▶ What to do:
Beginning with the line that contains "Stay Wild Brodert Strykemerke", retype the entries below exactly, ending with the line that contains "Satin (Gold)". Leave out any pictures.

▶ Exercise data:
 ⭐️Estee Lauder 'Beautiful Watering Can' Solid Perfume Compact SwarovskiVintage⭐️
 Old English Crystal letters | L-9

---

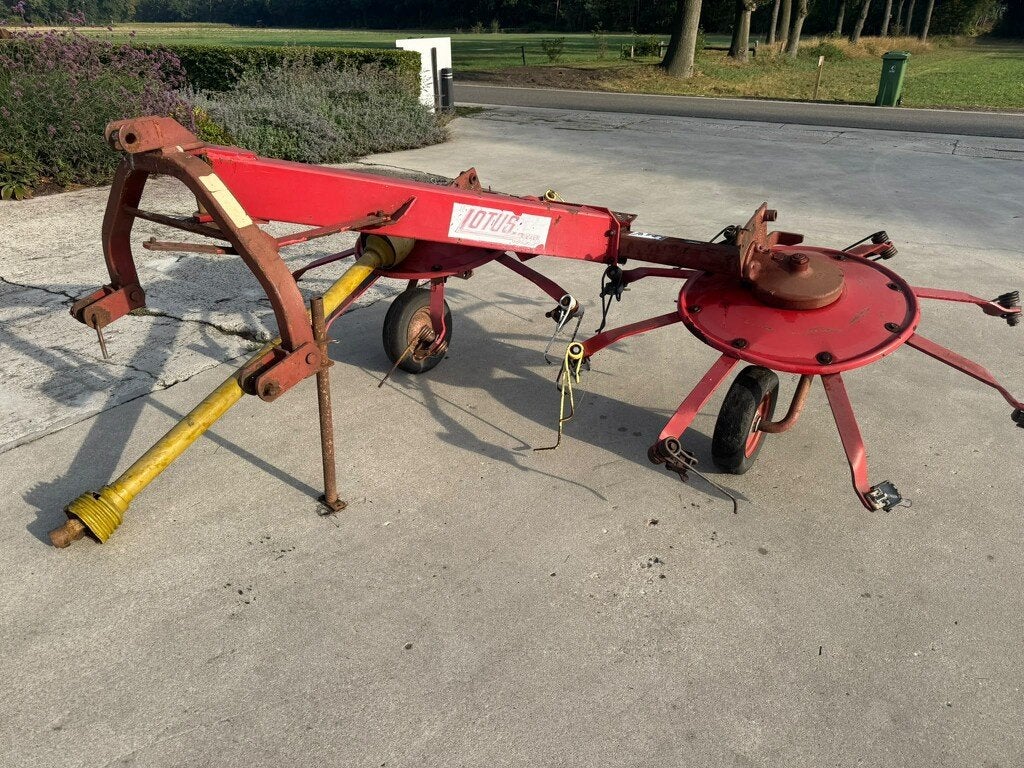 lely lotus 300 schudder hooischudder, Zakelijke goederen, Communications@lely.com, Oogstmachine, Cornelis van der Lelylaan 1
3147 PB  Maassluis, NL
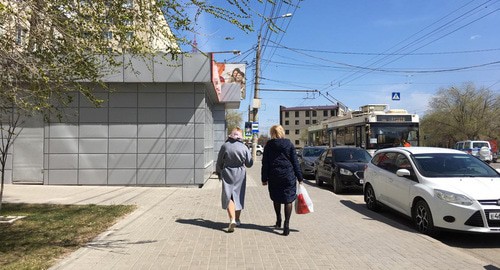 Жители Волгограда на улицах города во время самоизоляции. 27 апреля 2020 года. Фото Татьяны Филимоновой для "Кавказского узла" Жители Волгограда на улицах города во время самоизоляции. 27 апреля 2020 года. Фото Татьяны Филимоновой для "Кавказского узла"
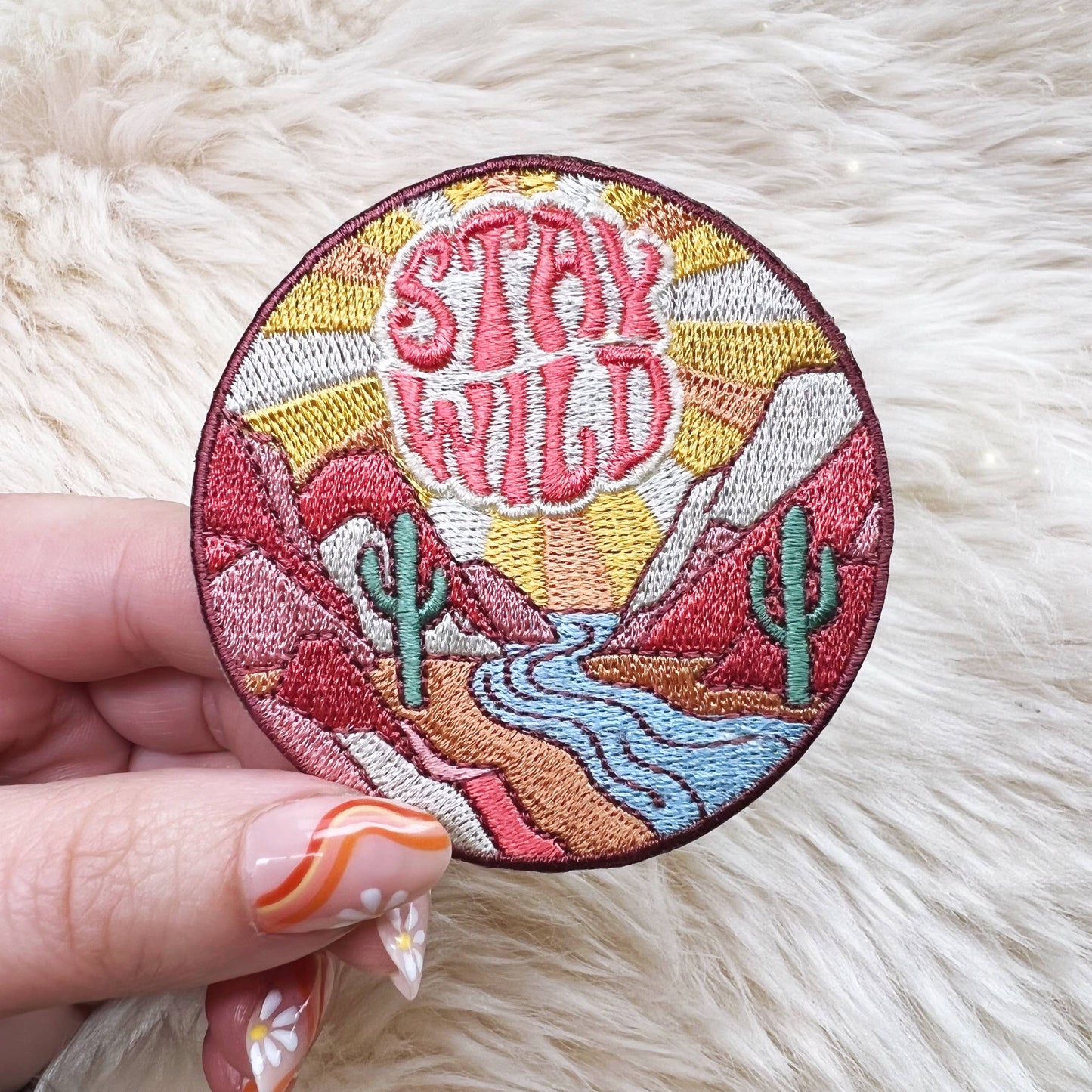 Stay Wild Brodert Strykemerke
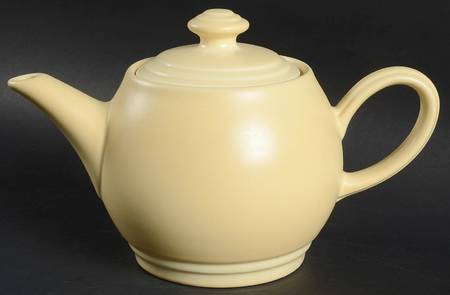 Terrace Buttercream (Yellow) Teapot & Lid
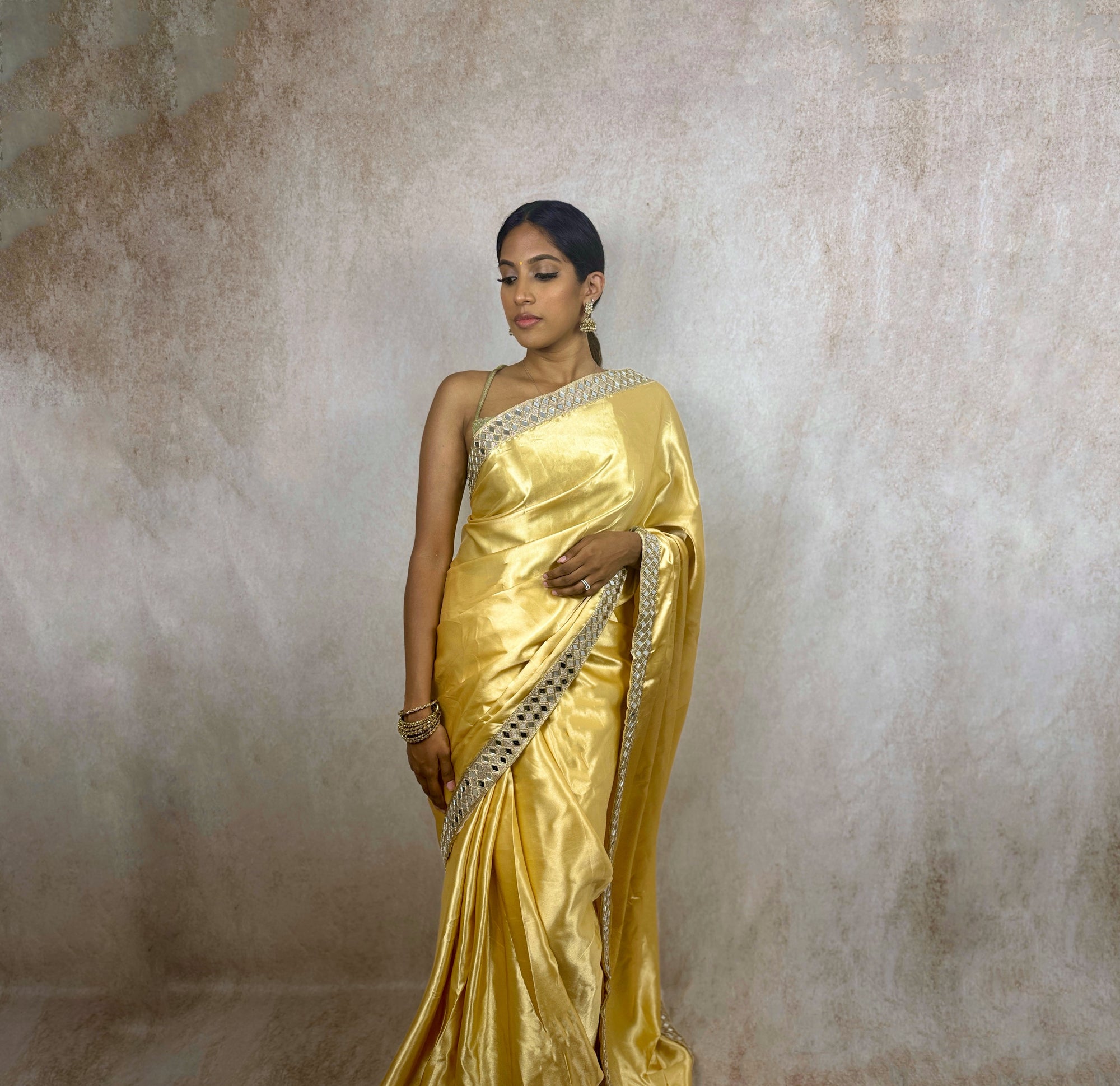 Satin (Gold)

---

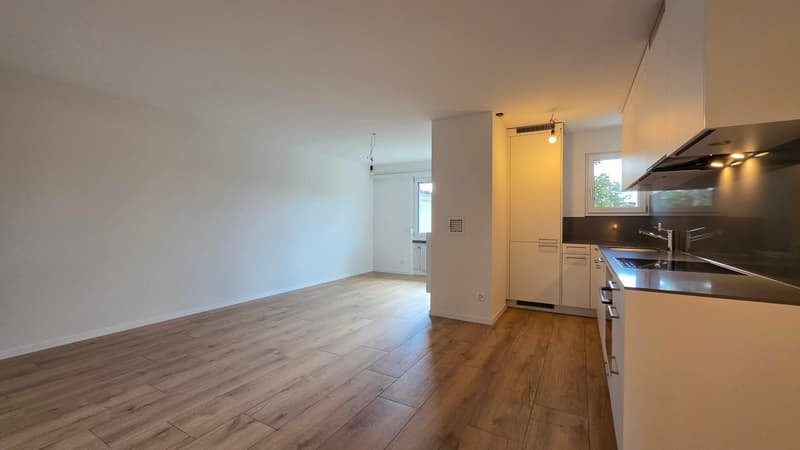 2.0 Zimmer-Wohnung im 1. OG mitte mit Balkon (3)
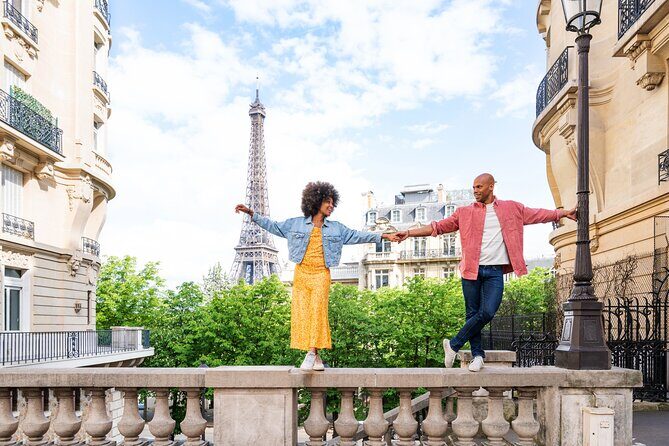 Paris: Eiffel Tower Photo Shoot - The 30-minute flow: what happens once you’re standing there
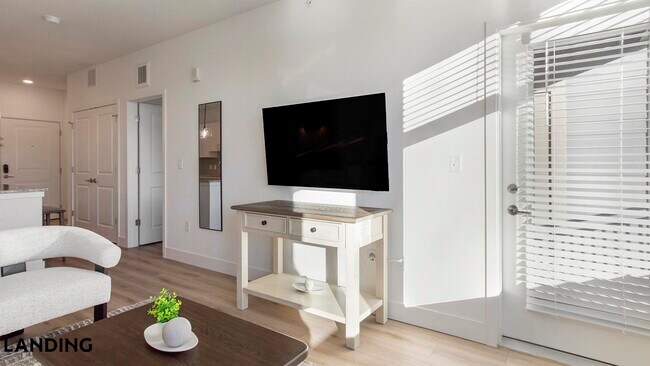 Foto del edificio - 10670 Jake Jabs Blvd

▶ Task result:
 Stay Wild Brodert Strykemerke
 Terrace Buttercream (Yellow) Teapot & Lid
 Satin (Gold)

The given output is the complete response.